An Iron Age metal hoard containing one complete carnyx and a unique boar’s head flag standard has been discovered in Thetford, West Norfolk. It is one of only three carnyces known to be found in Britain, and none of the others are even close to complete. In fact, with the mouthpiece, tube/pipe and bell all intact, it is one of the most complete examples, if not the most complete, ever found in Europe. The boar’s head standard is the first ever found in Britain.
A carnyx was a vertical trumpet with a bell in the shape of an animal head with an open maw that was used by Celtic peoples in battle to rally their soldiers and terrify their enemies. Up to six feet high, they towered above the heads of infantry and produced a sound that carried far. Ancient chroniclers recorded their unsettling sound. They are pictured on ancient coins as Gallic icons and displayed in use on the Gundestrup Cauldron (a silver cauldron found in a peat bog in Denmark in 1891).

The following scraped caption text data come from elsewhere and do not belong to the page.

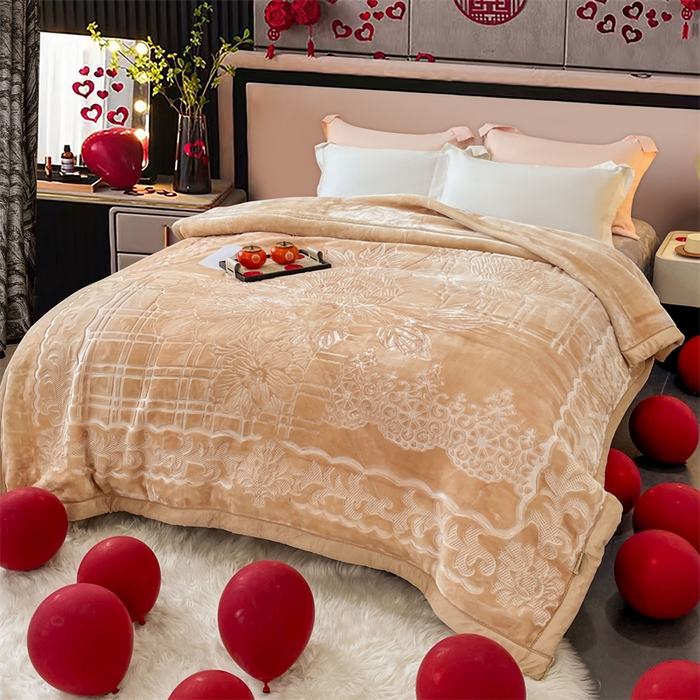 91家纺网 家纺一手货源 找家纺 凯轩毛毛毯毯子网销专供 2024新款5D压花素色云毛毯毯子毛毛毯毯子毛毯毯子子 素雅-浅驼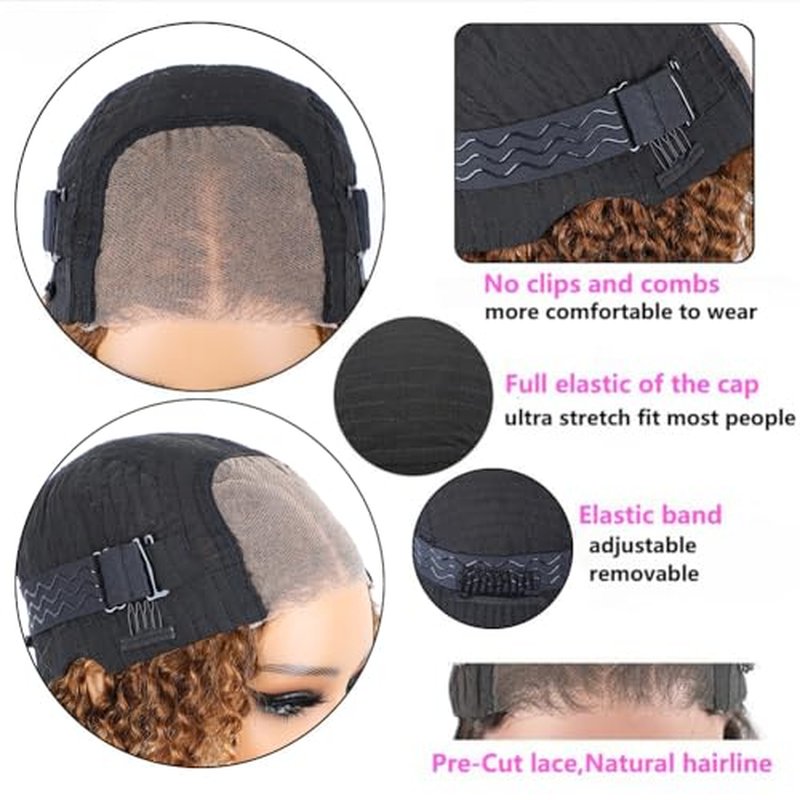 12 Inch Glueless Bob Wig Water Wave Human Hair 200% Density
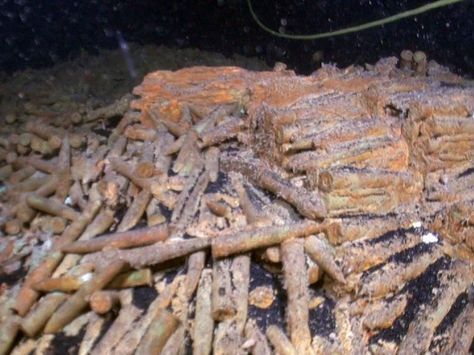 루시타니아 호 여객선 잔해에서 발견된 포탄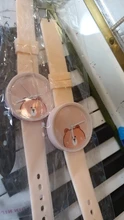 1pc nuevo relojes de niños niñas lindo Oso de dibujos animados de los niños reloj de las señoras de las mujeres de cuarzo relojes de pulsera para regalo de reloj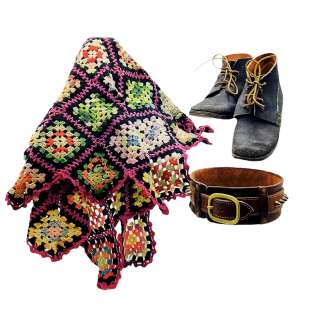 Shining Girls Grendel Screen Used Dark Leather Collar, Blanket & Lace-Up Leather Boots Ep 108 | VIP Fan Auctions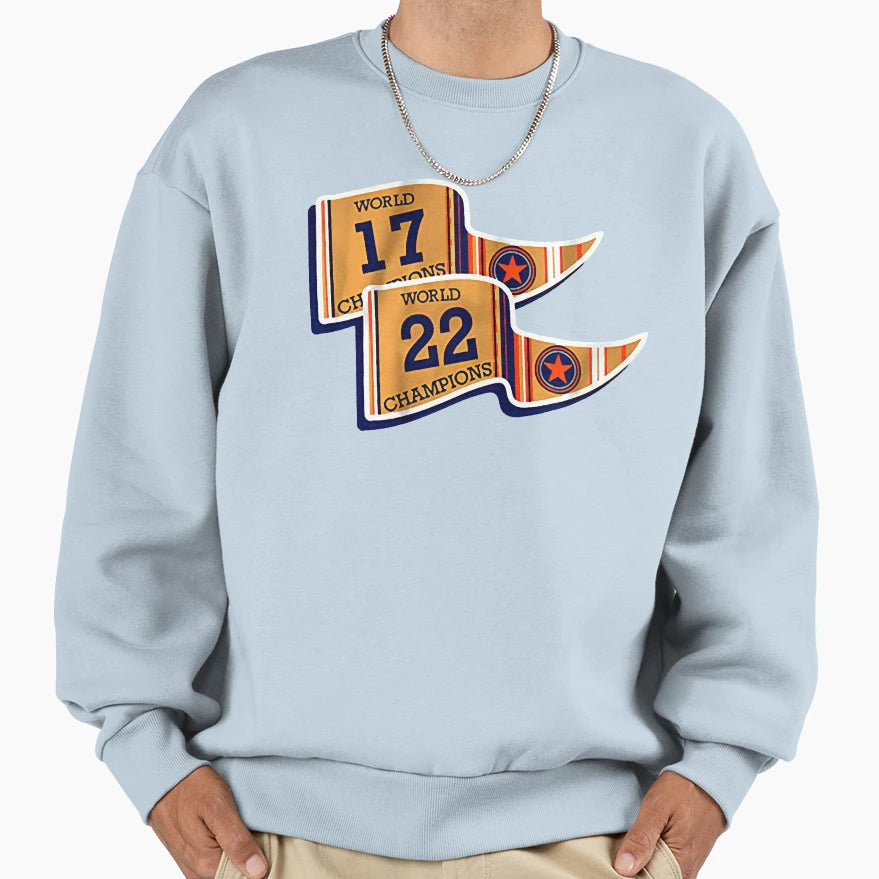 Houston Championship Pennants Sweatshirt - Graphic Print Men Women - T-Shirt, Sweatshirt, Hoodie
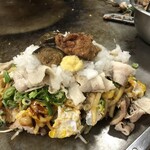 Okonomiyaki Hirano - うどんライス、鬼おろし豚しゃぶから揚げぶっかけ(^^)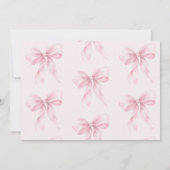 ピンクボウOnederfulフローラ写真誕生日ありがとう 招待状 (裏面)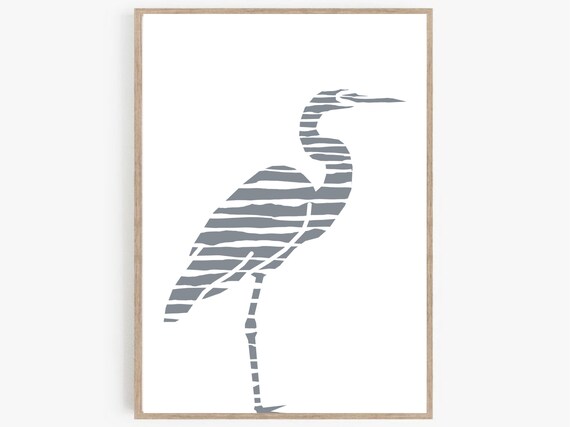Blue Heron Art, Heron Print, Beach Prints, Coastal Birds, Nautical Nursery, Modern Beach Art, Ocean Theme Nursery, Digital Download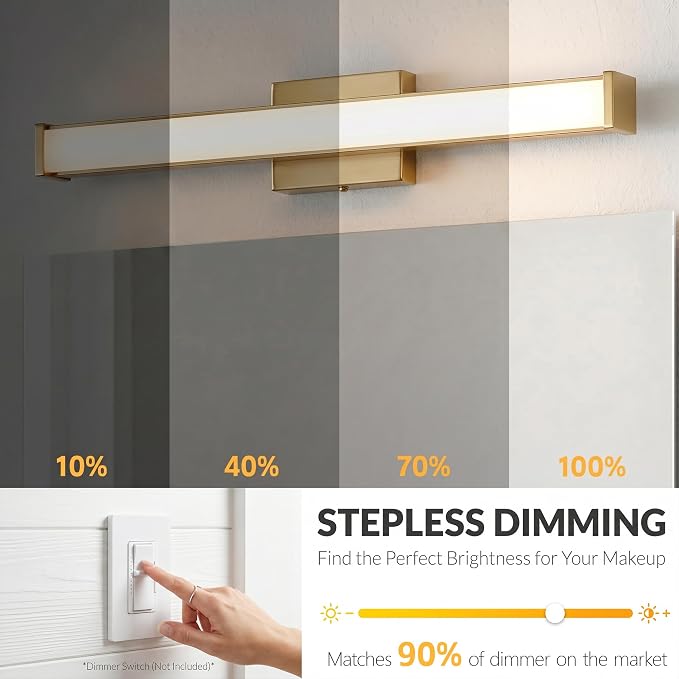 URSOLA 24" Modern LED Bathroom Light Fixtures, Golden 3CCT Dimmable Bathroom Vanity Light Over Mirror, Bathroom Vanity Bath Bar Lights with Double Layer Acrylic Shade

The Thetford hoard was discovered last year by a team from Pre-Construct Archaeology surveying a building site. It was removed in a soil block and excavated in laboratory conditions to preserve the fragile sheet bronze. The block was CT scanned and its contents carefully removed by conservators at Norfolk Museums Service. They unearthed a complete carnyx, parts of another, the boar’s head standard, five shield bosses, and one mystery iron object that has so far stumped archaeologists. The hoard dates to between 50 B.C. and 50 A.D.
The newly discovered carnyx shows signs of repair, said [Mark Hinman, chief executive of Pre-Construct Archaeology], indicating it was in use over a long period. While it was partially dismantled before being buried, with the shield bosses placed carefully on top, “the whole of the bell and the head are relatively complete – and it’s the only one that’s ever been found where they haven’t taken the ears off. It’s got these great big flappy ears which are wonderful, and they’re still in place.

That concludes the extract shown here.